Would you retype the listing below word for word, without any of its pictures?

### [Record extracts]
BEGIN
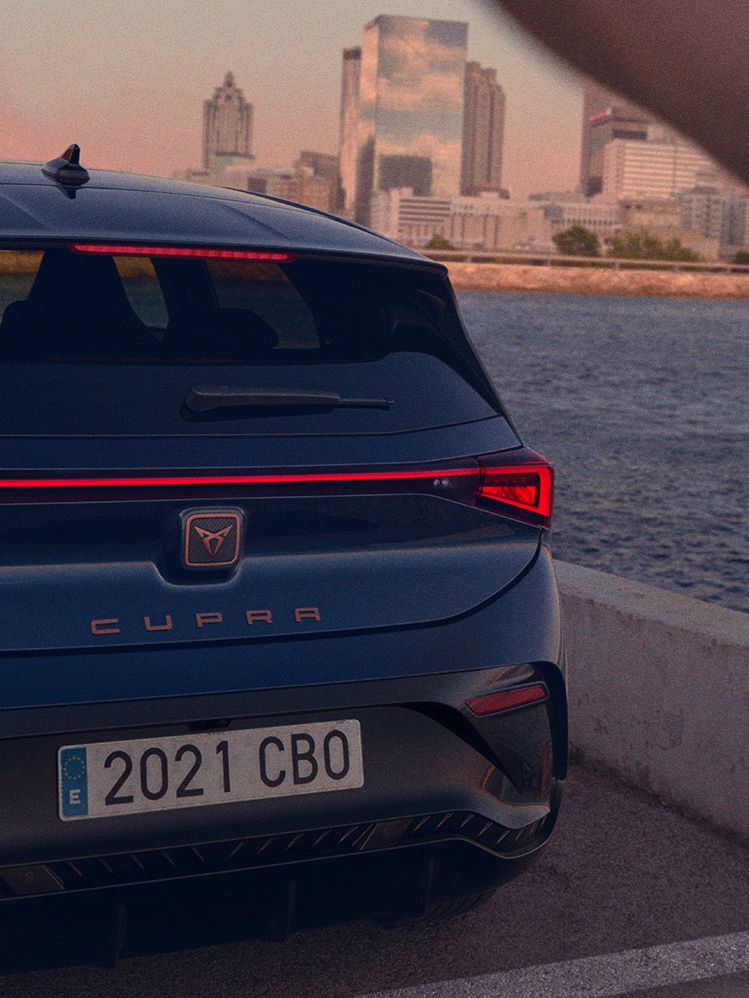 Moder CUPRA Born je parkiran ob reki z mestno pokrajino v ozadju. Oseba z zamegljenim obrazom je delno vidna na desni strani slike.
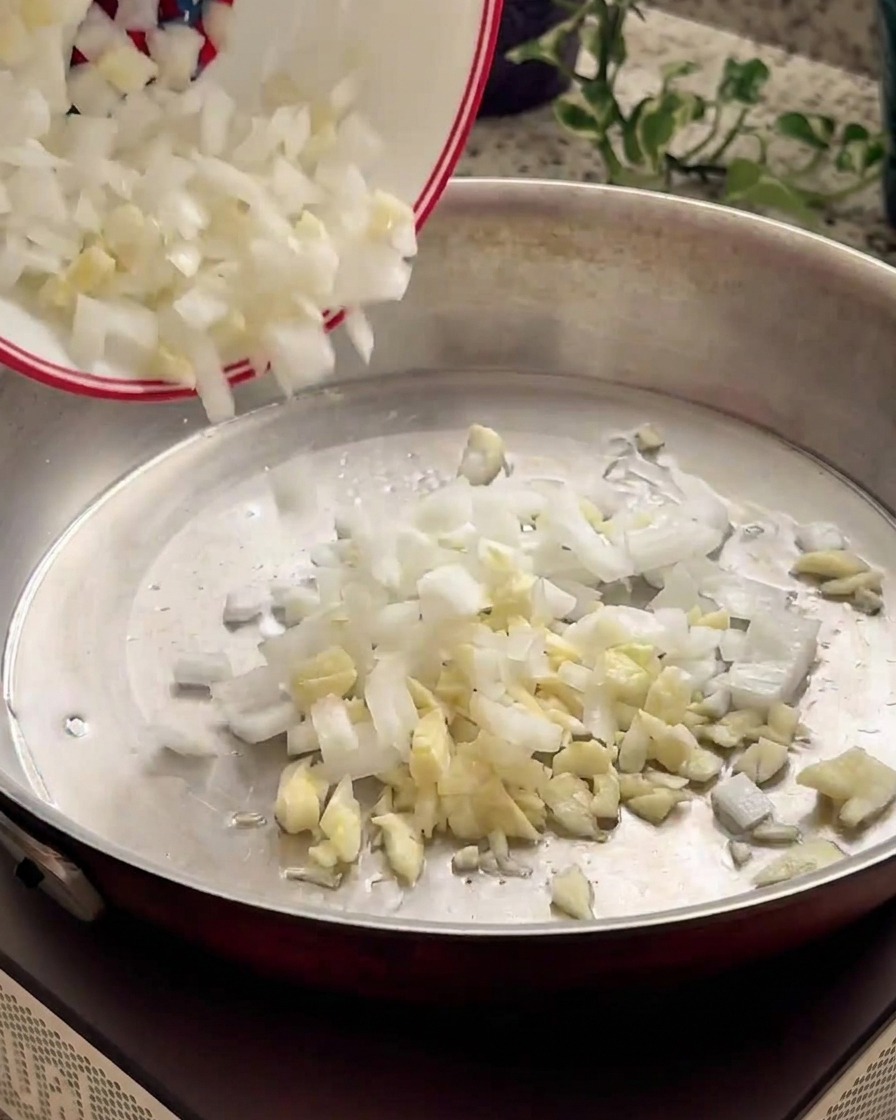 Des oignons et de lail hachés glissant dun petit bol blanc vers une poêle chaude en métal.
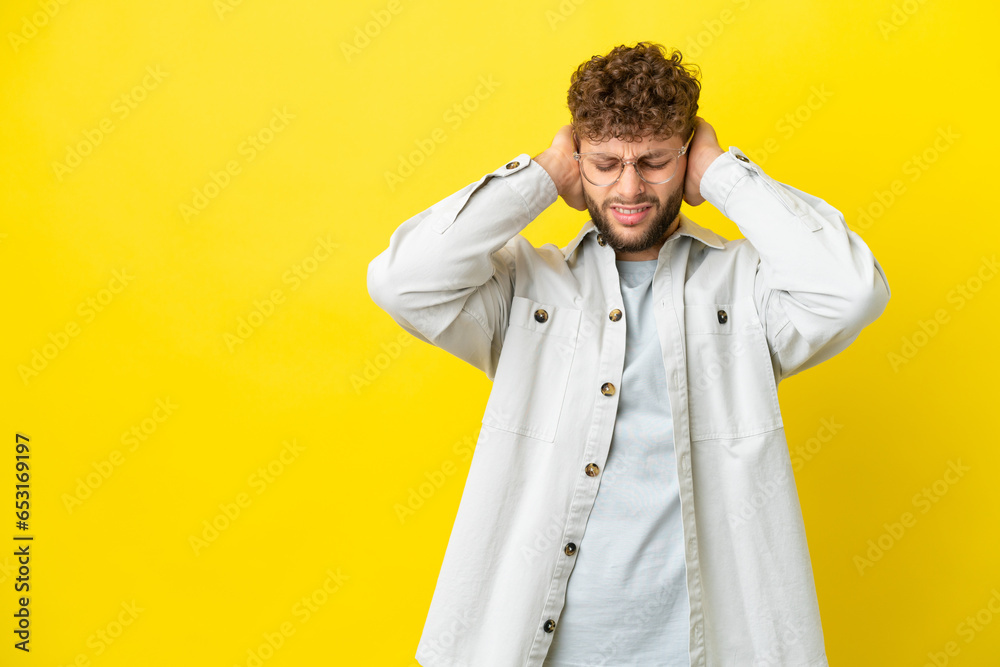 Young handsome caucasian man isolated on yellow background frustrated and covering ears Young handsome caucasian man isolated on yellow background frustrated and covering ears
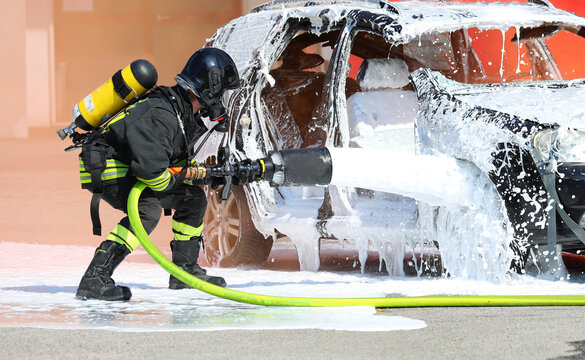 firefighter extinguishing a car fire with white foam extinguisher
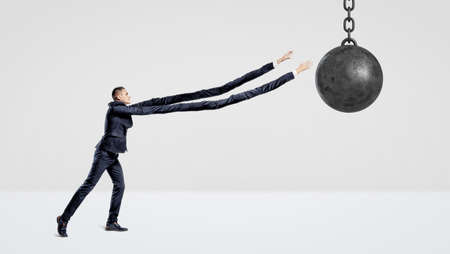 A businessman on white background trying to grab a wrecking ball with his extremely long arms.の写真素材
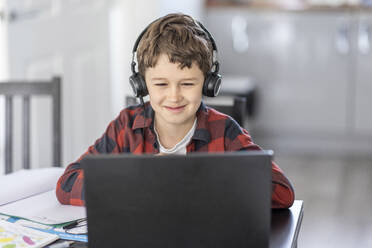 Smiling boy attending online classes through laptop while e-learning at home - WPEF04371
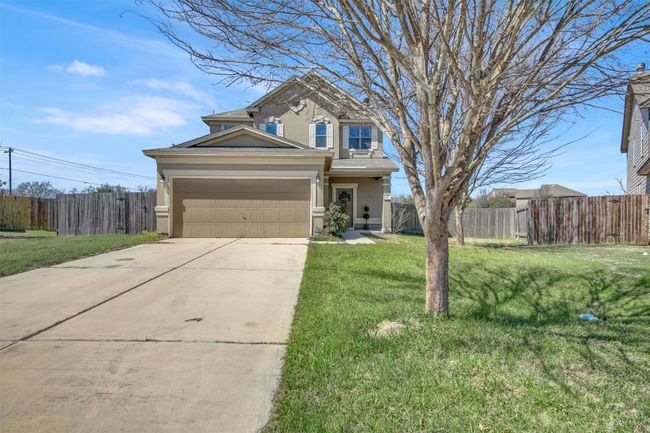 View of front of home with a garage, concrete driveway, fence, a front lawn, and stucco siding | Image 4
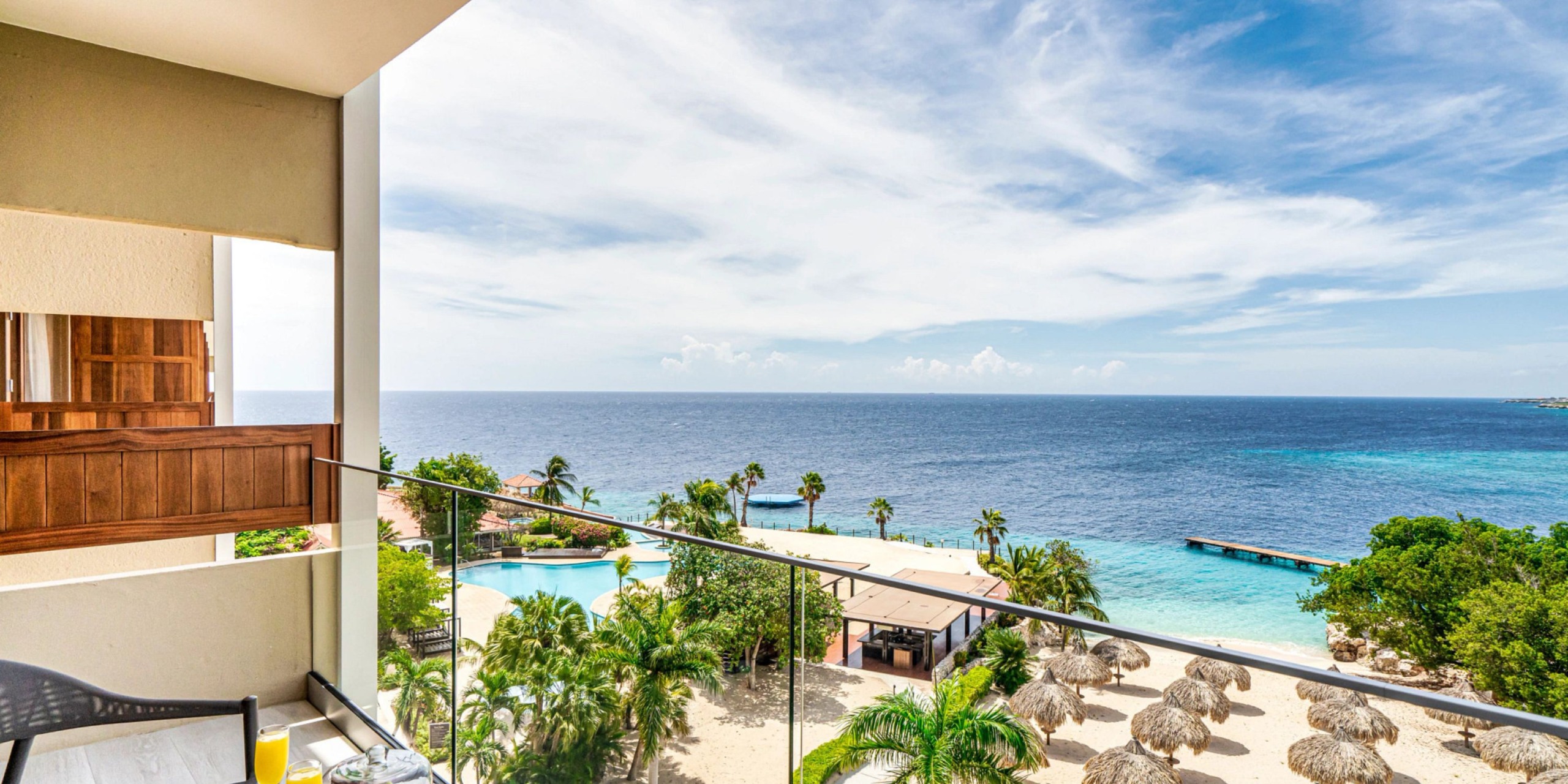 Enjoy the stunning view from a Dreams Curacao balcony, overlooking a tropical beach adorned with palm trees, a refreshing swimming pool, and charming thatched umbrellas. The serene ocean extends to the horizon beneath a partly cloudy sky.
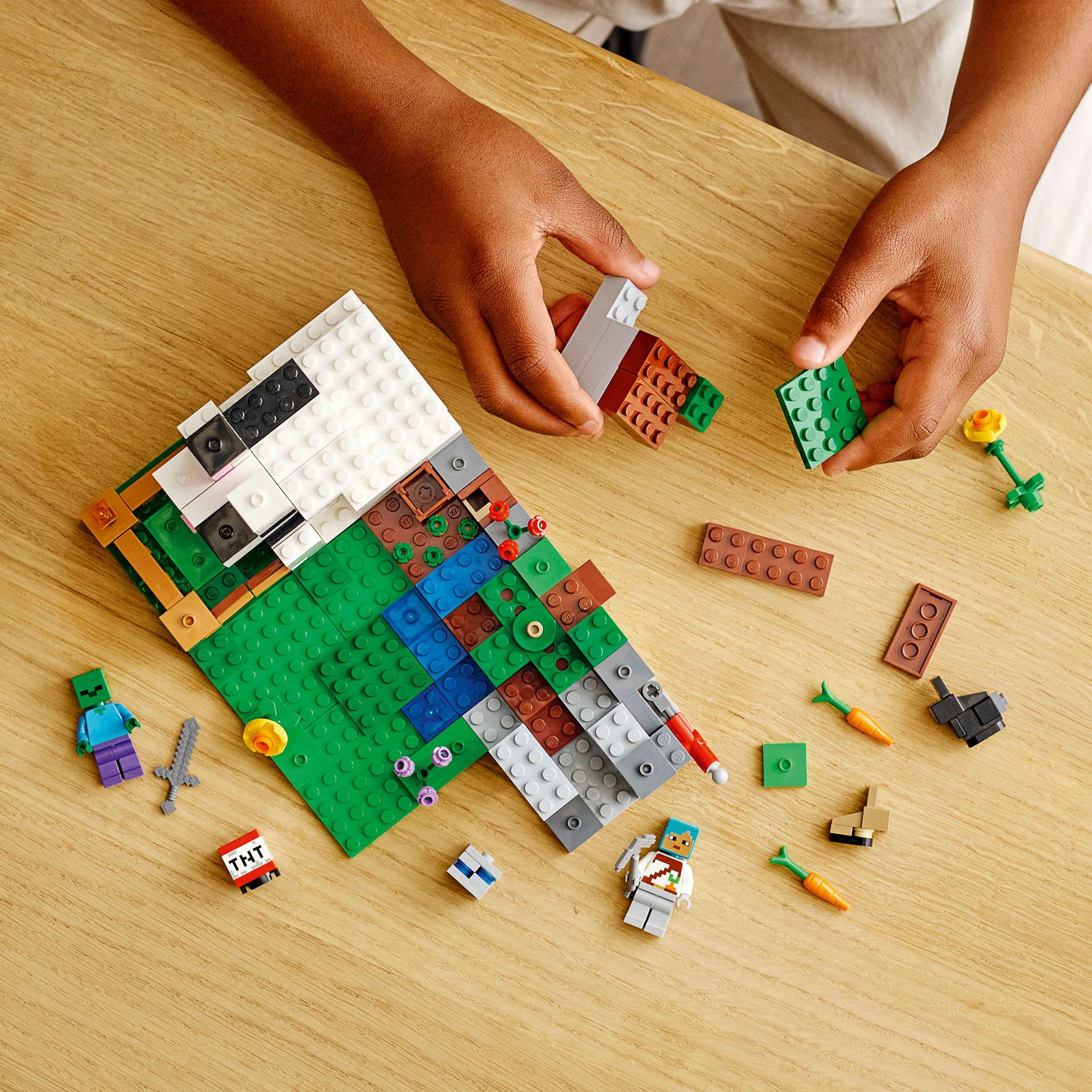 Mani che costruiscono Lego. I pezzi sono su un tavolo di legno. Il Lego è a tema Minecraft.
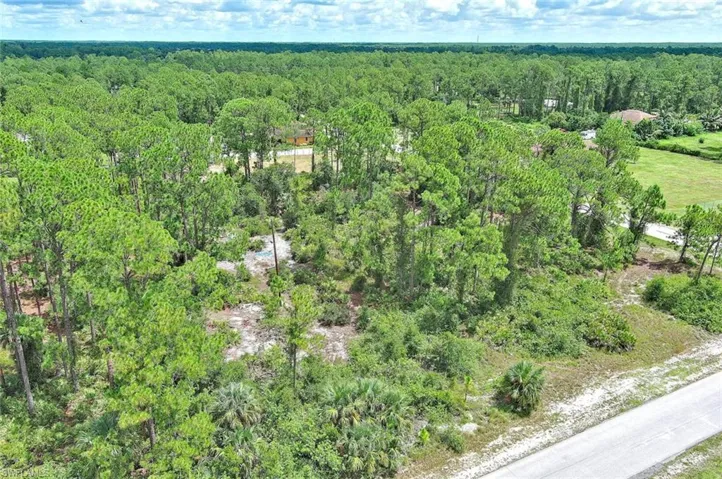Aerial view of property and surrounding area with a heavily wooded area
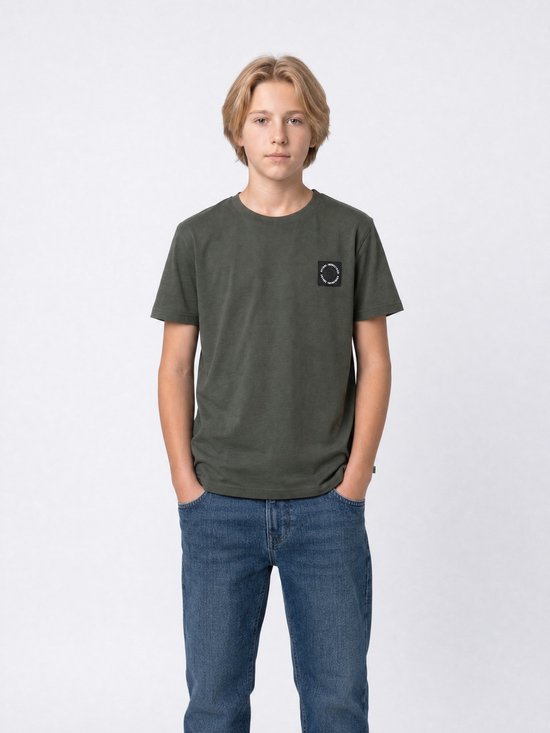 Jongen staat recht vooruit in een donkergroen T-shirt met 'PETROL INDUSTRIES' logo en blauwe jeans.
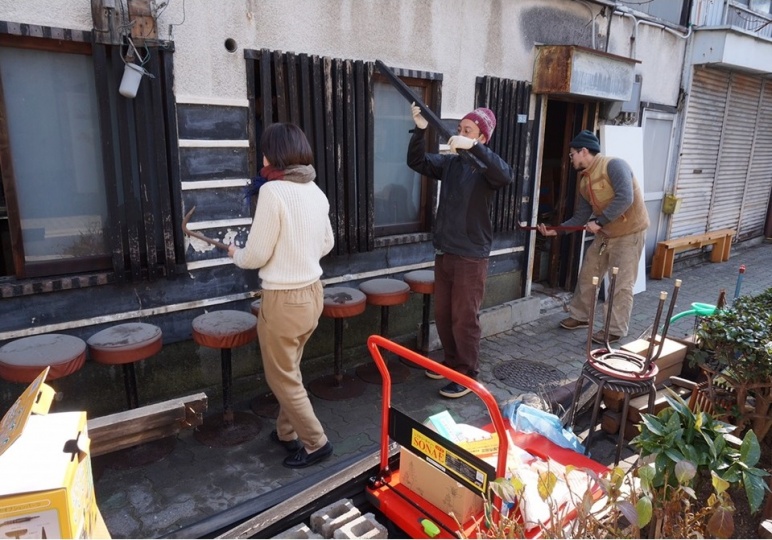 路地に3人の人物が並び、建物の窓の枠を壊すなどの作業を行っている。3人の周囲にはほこりをかぶった椅子や、段ボール箱、台車などが置いてある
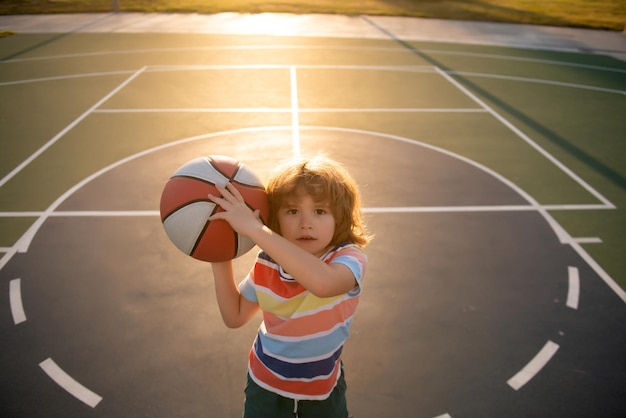 Niño niño preparándose para el tiro de baloncesto, el mejor deporte para niños, estilo de vida activo para niños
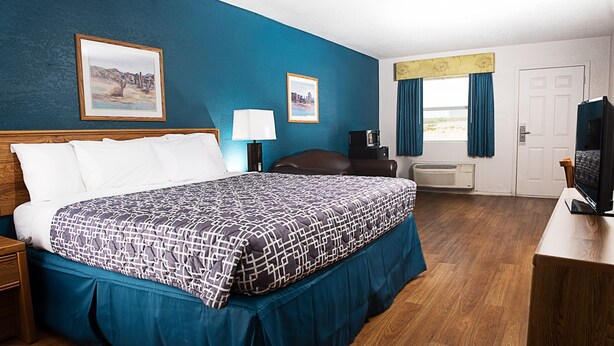 A hotel room with a large bed, a desk with a television, a desk lamp, and two framed pictures on the wall.
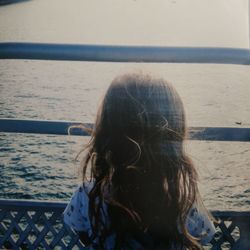 Rear view of woman in sea against sky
END
### [Answer box]
 Moder CUPRA Born je parkiran ob reki z mestno pokrajino v ozadju. Oseba z zamegljenim obrazom je delno vidna na desni strani slike.
 Des oignons et de lail hachés glissant dun petit bol blanc vers une poêle chaude en métal.
 Young handsome caucasian man isolated on yellow background frustrated and covering ears Young handsome caucasian man isolated on yellow background frustrated and covering ears
 firefighter extinguishing a car fire with white foam extinguisher
 A businessman on white background trying to grab a wrecking ball with his extremely long arms.の写真素材
 Smiling boy attending online classes through laptop while e-learning at home - WPEF04371
 View of front of home with a garage, concrete driveway, fence, a front lawn, and stucco siding | Image 4
 Enjoy the stunning view from a Dreams Curacao balcony, overlooking a tropical beach adorned with palm trees, a refreshing swimming pool, and charming thatched umbrellas. The serene ocean extends to the horizon beneath a partly cloudy sky.
 Mani che costruiscono Lego. I pezzi sono su un tavolo di legno. Il Lego è a tema Minecraft.
Aerial view of property and surrounding area with a heavily wooded area
 Jongen staat recht vooruit in een donkergroen T-shirt met 'PETROL INDUSTRIES' logo en blauwe jeans.
 路地に3人の人物が並び、建物の窓の枠を壊すなどの作業を行っている。3人の周囲にはほこりをかぶった椅子や、段ボール箱、台車などが置いてある
 Niño niño preparándose para el tiro de baloncesto, el mejor deporte para niños, estilo de vida activo para niños
 A hotel room with a large bed, a desk with a television, a desk lamp, and two framed pictures on the wall.
 Rear view of woman in sea against sky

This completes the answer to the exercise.